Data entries
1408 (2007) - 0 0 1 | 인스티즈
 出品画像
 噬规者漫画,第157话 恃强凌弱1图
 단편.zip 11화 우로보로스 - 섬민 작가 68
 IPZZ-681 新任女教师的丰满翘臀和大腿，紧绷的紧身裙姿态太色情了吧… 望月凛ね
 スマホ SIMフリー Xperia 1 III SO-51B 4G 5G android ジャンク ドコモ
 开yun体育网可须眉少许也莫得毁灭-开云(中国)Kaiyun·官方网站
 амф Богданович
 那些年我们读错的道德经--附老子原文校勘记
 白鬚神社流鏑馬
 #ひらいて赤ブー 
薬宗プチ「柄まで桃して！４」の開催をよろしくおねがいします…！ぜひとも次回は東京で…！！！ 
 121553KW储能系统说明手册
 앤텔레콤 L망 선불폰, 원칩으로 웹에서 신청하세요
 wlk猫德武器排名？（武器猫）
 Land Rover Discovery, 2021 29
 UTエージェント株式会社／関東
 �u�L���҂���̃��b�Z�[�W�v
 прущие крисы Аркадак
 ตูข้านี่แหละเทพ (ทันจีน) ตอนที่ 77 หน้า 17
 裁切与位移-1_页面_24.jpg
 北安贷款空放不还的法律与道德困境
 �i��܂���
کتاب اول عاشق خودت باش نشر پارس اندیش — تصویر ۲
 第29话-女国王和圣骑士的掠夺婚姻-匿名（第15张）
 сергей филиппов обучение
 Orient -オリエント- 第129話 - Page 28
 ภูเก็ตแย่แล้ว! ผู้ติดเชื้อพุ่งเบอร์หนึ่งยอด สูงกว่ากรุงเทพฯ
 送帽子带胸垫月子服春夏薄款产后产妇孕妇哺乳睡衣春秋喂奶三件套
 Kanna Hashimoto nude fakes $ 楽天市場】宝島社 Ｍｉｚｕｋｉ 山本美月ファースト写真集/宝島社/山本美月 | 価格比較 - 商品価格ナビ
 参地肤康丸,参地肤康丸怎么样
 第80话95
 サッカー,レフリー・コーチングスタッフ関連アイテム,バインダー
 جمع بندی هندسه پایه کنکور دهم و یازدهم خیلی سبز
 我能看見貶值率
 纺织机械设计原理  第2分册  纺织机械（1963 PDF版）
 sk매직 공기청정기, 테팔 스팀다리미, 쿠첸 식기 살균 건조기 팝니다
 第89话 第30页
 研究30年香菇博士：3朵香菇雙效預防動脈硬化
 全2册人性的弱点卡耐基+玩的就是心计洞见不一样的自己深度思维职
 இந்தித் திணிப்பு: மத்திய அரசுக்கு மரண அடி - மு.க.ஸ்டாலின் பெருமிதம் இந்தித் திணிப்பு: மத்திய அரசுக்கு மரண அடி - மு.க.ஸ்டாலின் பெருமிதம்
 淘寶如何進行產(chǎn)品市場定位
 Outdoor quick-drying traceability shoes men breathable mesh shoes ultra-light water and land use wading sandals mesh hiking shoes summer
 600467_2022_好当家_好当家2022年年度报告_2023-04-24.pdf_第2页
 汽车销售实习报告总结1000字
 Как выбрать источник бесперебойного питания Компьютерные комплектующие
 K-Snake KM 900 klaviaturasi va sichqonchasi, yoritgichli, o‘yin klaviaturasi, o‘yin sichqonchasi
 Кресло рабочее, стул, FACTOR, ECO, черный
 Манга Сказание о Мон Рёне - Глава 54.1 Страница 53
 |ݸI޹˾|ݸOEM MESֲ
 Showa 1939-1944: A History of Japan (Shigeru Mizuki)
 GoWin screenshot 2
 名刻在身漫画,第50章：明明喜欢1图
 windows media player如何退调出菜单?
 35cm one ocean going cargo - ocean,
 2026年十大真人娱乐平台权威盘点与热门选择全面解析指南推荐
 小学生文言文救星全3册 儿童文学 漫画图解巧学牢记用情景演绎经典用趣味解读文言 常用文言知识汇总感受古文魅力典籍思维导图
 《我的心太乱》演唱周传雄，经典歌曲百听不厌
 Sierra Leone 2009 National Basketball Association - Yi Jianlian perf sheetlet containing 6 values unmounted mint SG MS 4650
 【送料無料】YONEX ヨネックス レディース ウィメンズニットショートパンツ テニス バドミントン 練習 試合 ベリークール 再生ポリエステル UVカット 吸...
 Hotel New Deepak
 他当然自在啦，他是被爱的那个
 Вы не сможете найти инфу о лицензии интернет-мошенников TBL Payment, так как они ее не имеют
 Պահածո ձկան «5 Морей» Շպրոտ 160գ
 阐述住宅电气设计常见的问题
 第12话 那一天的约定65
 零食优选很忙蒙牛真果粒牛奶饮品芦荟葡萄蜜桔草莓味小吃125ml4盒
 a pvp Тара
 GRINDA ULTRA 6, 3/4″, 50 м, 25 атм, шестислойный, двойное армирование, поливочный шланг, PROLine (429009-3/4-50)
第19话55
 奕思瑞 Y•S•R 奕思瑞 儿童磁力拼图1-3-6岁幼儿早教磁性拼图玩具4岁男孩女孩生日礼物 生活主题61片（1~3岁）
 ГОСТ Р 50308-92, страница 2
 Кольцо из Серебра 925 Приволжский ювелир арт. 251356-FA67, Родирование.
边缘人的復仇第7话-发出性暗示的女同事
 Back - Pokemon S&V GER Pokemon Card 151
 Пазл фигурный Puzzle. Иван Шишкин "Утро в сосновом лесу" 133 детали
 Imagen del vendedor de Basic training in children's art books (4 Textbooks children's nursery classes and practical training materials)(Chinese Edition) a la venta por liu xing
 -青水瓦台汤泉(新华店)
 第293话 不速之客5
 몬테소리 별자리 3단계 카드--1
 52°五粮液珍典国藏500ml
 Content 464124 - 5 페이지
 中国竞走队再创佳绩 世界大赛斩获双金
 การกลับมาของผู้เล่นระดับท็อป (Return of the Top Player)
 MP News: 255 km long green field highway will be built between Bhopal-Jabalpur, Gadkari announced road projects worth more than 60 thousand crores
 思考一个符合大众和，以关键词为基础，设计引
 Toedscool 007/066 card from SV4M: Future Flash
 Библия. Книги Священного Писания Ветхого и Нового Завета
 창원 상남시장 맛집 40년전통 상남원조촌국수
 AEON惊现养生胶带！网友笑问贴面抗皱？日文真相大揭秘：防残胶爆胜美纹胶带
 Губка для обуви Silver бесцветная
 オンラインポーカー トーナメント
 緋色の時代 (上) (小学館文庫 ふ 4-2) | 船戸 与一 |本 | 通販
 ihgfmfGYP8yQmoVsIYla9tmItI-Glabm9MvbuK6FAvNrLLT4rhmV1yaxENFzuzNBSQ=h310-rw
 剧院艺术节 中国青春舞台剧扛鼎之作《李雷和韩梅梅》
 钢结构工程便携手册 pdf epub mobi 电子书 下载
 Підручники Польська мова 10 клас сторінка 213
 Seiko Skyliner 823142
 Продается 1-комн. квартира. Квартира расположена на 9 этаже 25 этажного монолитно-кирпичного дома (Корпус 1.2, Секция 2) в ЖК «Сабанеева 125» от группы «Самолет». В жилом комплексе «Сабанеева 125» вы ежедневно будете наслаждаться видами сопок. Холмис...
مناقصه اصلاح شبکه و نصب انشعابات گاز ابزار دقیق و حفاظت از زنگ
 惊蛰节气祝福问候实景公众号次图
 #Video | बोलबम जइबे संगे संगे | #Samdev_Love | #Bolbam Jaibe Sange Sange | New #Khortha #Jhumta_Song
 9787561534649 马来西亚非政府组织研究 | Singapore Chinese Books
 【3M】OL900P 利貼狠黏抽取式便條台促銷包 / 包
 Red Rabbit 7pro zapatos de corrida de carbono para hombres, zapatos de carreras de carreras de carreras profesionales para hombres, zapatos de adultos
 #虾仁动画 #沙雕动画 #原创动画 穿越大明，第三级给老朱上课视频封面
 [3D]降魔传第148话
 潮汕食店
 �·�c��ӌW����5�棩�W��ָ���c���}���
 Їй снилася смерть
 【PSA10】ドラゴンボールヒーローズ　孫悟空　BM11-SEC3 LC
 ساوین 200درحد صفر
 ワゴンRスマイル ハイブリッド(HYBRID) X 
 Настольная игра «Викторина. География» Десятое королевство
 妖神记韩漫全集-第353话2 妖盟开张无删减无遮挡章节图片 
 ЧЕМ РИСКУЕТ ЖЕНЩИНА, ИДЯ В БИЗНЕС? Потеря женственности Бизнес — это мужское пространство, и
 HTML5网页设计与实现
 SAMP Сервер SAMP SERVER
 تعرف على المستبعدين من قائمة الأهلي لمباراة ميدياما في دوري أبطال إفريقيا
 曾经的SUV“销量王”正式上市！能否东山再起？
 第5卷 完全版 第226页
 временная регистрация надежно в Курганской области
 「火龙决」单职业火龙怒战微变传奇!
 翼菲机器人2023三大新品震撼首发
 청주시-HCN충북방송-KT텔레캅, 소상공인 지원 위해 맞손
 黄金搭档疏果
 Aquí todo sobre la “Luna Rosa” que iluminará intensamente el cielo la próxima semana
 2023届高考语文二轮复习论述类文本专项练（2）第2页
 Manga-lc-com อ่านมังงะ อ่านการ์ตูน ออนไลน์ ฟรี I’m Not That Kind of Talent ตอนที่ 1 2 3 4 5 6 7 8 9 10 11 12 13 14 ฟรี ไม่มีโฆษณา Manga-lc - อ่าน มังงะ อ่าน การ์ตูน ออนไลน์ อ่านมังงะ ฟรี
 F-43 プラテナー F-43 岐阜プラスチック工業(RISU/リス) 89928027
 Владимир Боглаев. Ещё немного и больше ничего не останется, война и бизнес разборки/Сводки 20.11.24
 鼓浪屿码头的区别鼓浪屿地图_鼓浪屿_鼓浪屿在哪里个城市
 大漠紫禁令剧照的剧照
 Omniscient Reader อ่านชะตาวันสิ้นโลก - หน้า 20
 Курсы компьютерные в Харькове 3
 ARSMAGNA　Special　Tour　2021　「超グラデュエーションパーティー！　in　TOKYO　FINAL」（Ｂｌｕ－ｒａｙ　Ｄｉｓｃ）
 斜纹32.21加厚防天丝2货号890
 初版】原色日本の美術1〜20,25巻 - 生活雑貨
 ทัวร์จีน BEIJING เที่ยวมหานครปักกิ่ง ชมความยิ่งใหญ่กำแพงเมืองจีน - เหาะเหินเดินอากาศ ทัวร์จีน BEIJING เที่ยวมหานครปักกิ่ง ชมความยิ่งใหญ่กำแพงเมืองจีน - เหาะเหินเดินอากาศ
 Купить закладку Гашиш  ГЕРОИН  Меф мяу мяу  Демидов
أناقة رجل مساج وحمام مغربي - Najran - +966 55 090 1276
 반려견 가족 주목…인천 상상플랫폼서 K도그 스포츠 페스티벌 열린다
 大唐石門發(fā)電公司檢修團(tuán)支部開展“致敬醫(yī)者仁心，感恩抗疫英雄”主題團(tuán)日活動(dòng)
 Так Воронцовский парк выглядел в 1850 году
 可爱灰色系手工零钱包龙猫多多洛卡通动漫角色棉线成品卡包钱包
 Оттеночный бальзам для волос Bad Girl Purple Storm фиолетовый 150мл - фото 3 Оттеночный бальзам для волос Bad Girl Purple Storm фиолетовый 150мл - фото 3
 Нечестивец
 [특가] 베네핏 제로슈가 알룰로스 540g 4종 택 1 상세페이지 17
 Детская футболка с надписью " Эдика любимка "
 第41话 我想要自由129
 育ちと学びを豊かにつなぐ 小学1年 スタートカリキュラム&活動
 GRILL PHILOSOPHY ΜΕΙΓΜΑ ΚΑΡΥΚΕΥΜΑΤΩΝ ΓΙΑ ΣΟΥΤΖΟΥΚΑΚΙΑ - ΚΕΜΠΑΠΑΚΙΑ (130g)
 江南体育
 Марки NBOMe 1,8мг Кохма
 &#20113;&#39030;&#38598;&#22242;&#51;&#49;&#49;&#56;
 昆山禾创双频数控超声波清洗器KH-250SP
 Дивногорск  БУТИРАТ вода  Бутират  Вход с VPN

◆ Task:
What lines above contain "Chinese"? Copy them out.

◆ Exercise response:
 Imagen del vendedor de Basic training in children's art books (4 Textbooks children's nursery classes and practical training materials)(Chinese Edition) a la venta por liu xing
 9787561534649 马来西亚非政府组织研究 | Singapore Chinese Books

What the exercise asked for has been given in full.